Description of the task:
Take the lines from the one with "lot 149 image: DeLonghi" through the last line of the material below and write them out exactly, without any pictures.

Material provided:
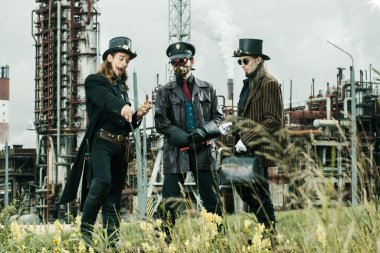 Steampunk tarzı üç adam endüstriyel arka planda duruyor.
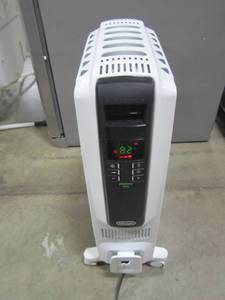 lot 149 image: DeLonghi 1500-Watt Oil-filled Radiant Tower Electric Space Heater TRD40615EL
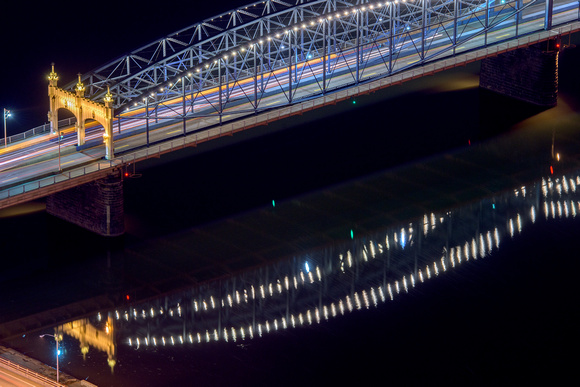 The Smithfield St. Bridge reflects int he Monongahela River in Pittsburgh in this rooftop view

Result:
 lot 149 image: DeLonghi 1500-Watt Oil-filled Radiant Tower Electric Space Heater TRD40615EL
 The Smithfield St. Bridge reflects int he Monongahela River in Pittsburgh in this rooftop view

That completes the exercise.